Give back every record word for word, keeping the pictures out.

**********

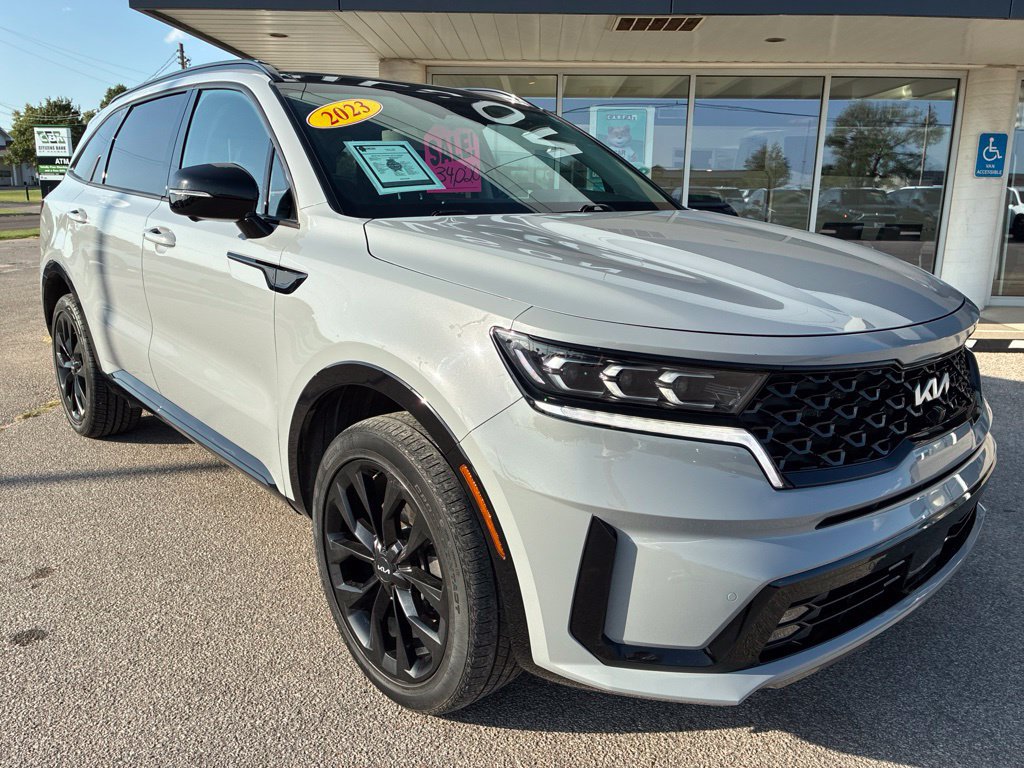 Used 2023 Kia Sorento SX AWD/4WD image 8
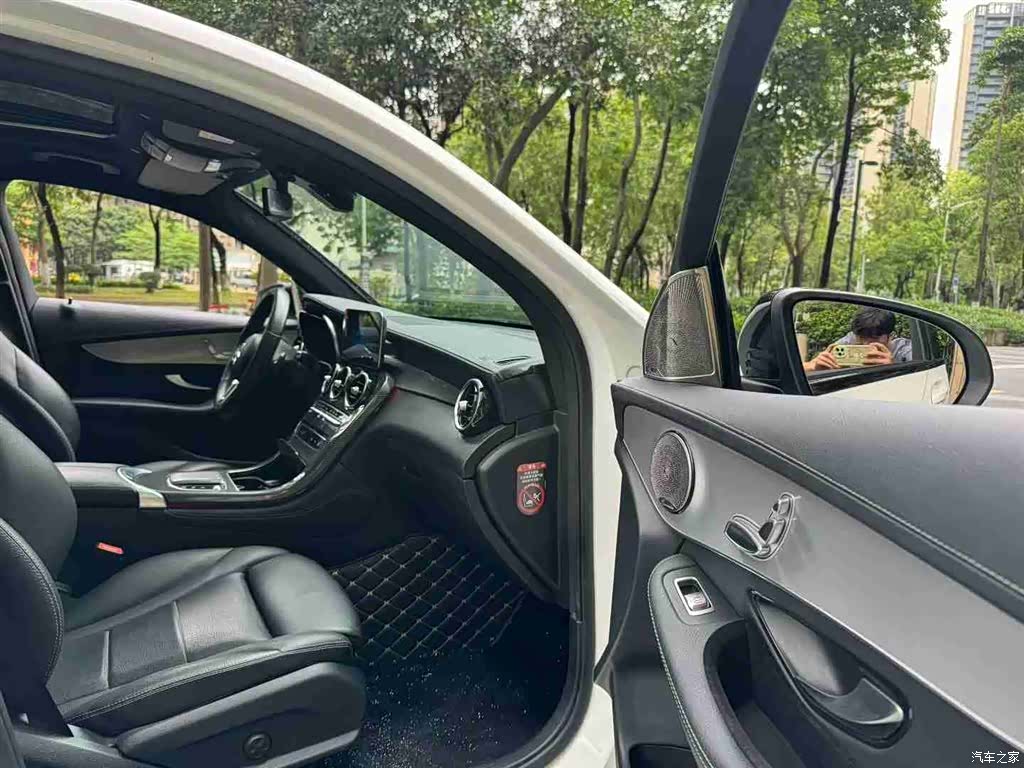 Mercedes-Benz GLC, 2020 8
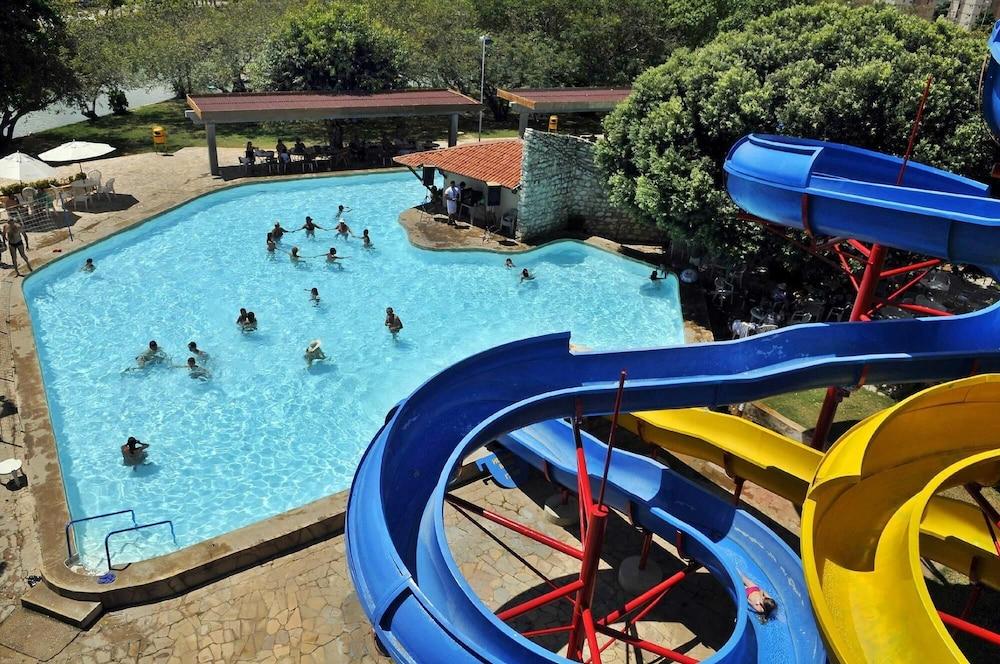 Thermas Hotel Mossoro Luaran gambar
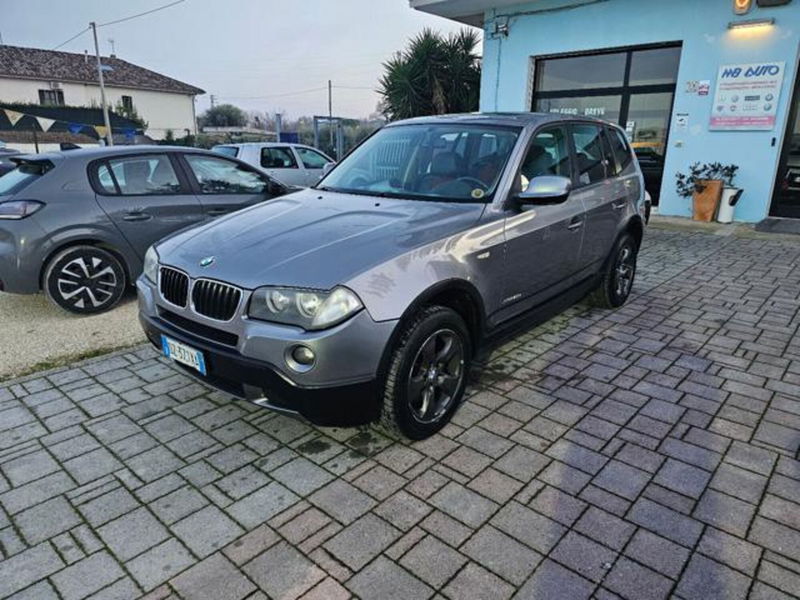 BMW X3 xDrive18d Futura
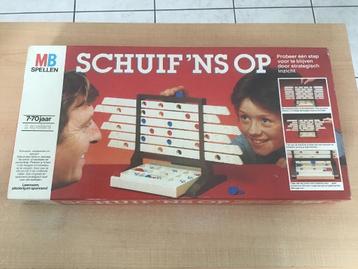 Schuif’ns op. beschikbaar voor biedingen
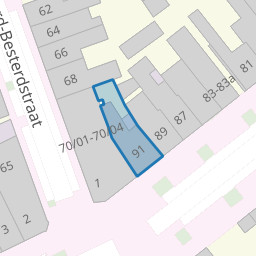 Perceel TBG01-N-6318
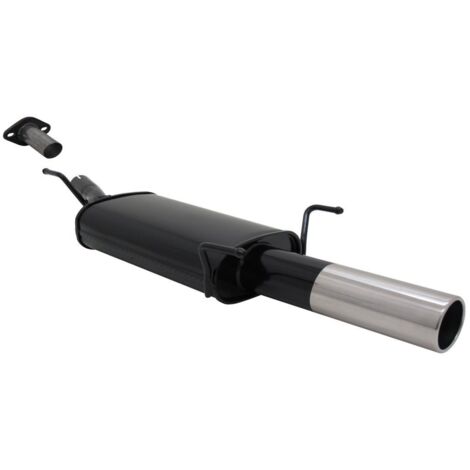 Silencieux Echappement Opel Astra G Cabriolet 01-05 - 1x90mm-32265915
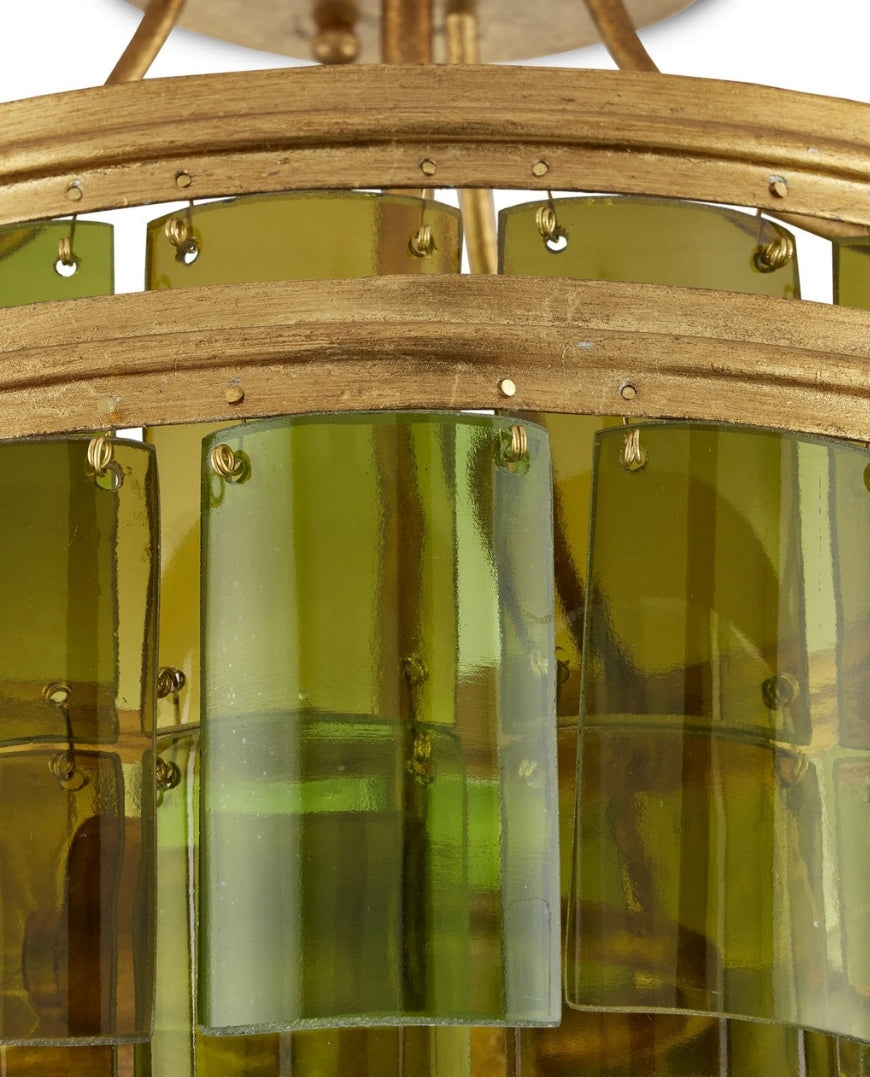 Vintner Semi-Flush Mount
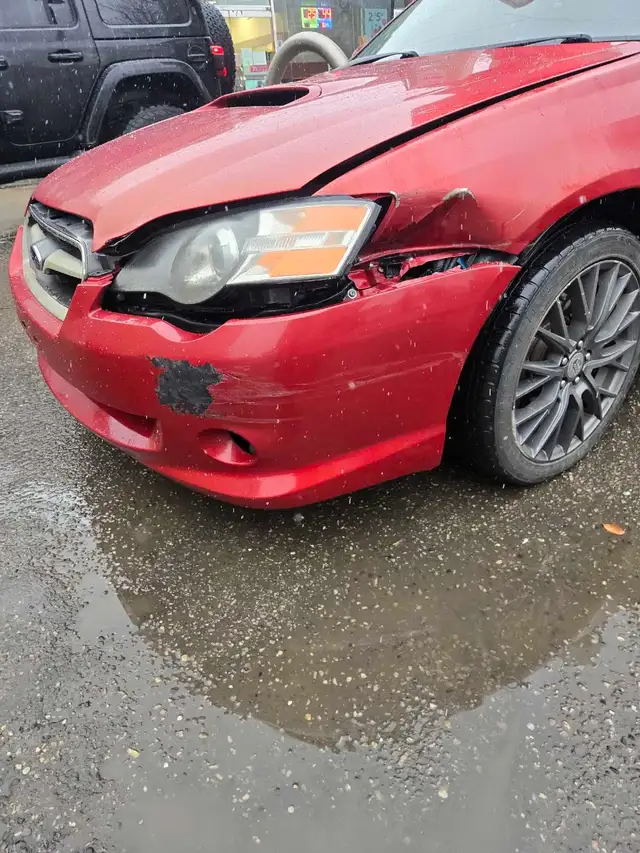 2004 JDM Legacy GT - Photo 5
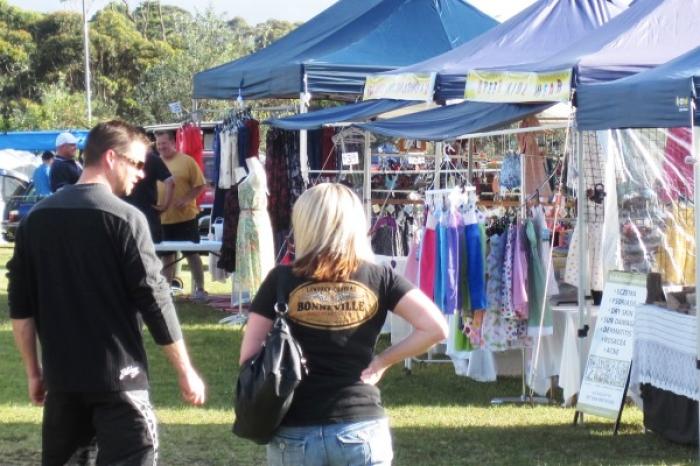 Mollymook Beach Markets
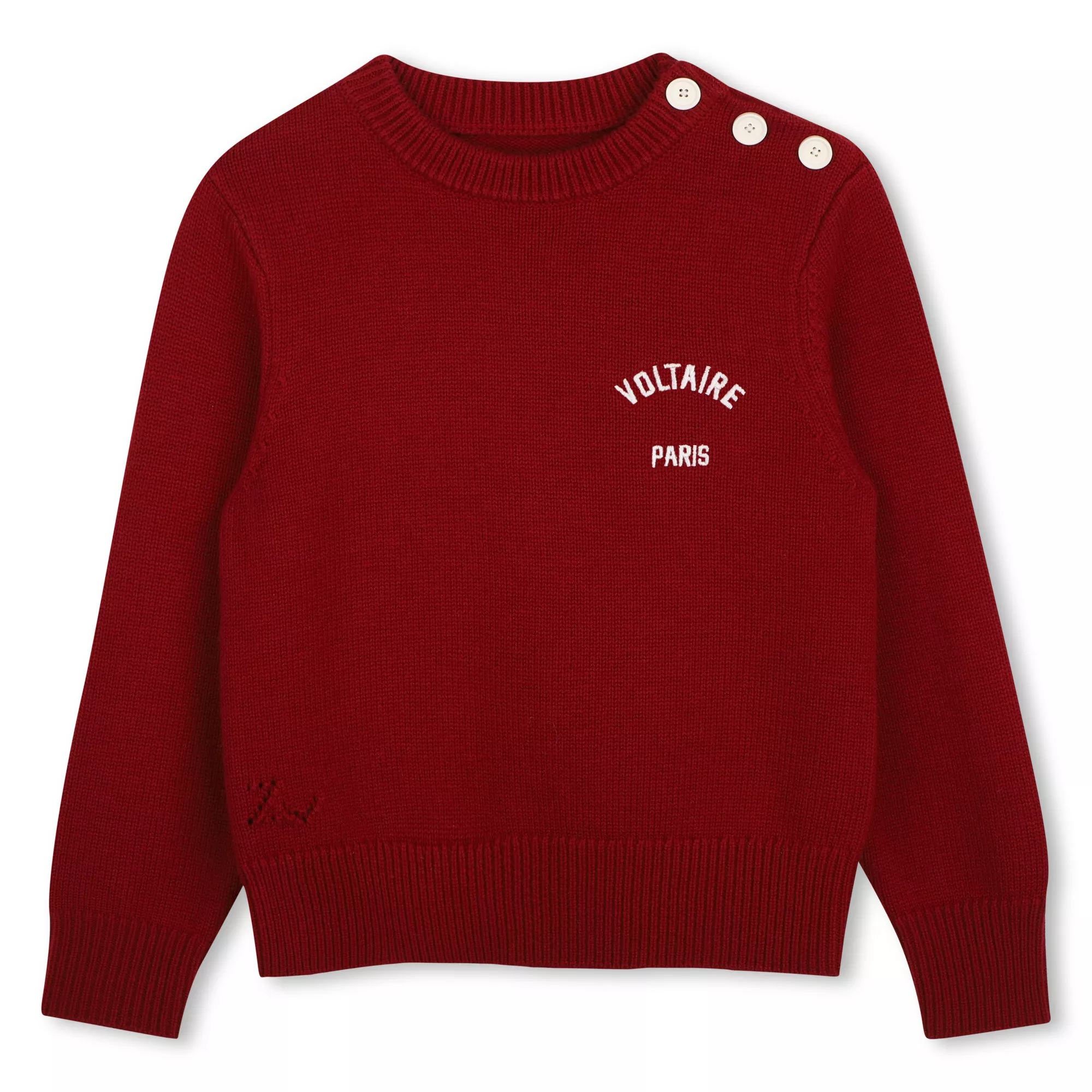 Pull boy boutons, Zadig&Voltaire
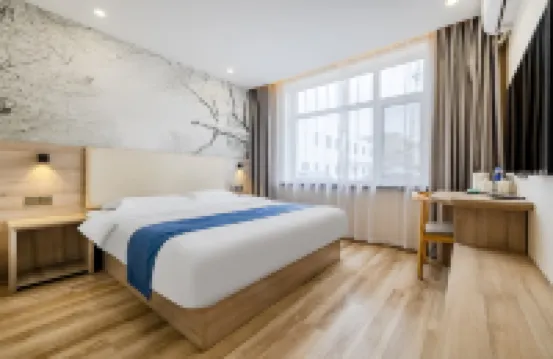 秦嶼海酒店（東山浴場西港花園店）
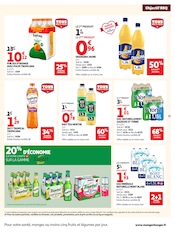 Promos Eau Minérale dans le catalogue "OFFRES DU MOMENT" de Auchan Hypermarché Eau Minérale en promo dans le catalogue Auchan Hypermarché à la page 13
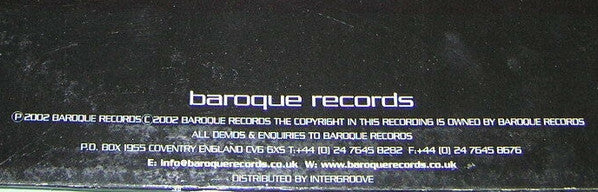 Minilogue : In A Deeper Motion (12")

**********

- [Response]
 Used 2023 Kia Sorento SX AWD/4WD image 8
 Mercedes-Benz GLC, 2020 8
 Thermas Hotel Mossoro Luaran gambar
 BMW X3 xDrive18d Futura
 Schuif’ns op. beschikbaar voor biedingen
 Perceel TBG01-N-6318
 Silencieux Echappement Opel Astra G Cabriolet 01-05 - 1x90mm-32265915
 Vintner Semi-Flush Mount
 2004 JDM Legacy GT - Photo 5
 Mollymook Beach Markets
 Pull boy boutons, Zadig&Voltaire
 秦嶼海酒店（東山浴場西港花園店）
 Promos Eau Minérale dans le catalogue "OFFRES DU MOMENT" de Auchan Hypermarché Eau Minérale en promo dans le catalogue Auchan Hypermarché à la page 13
 Minilogue : In A Deeper Motion (12")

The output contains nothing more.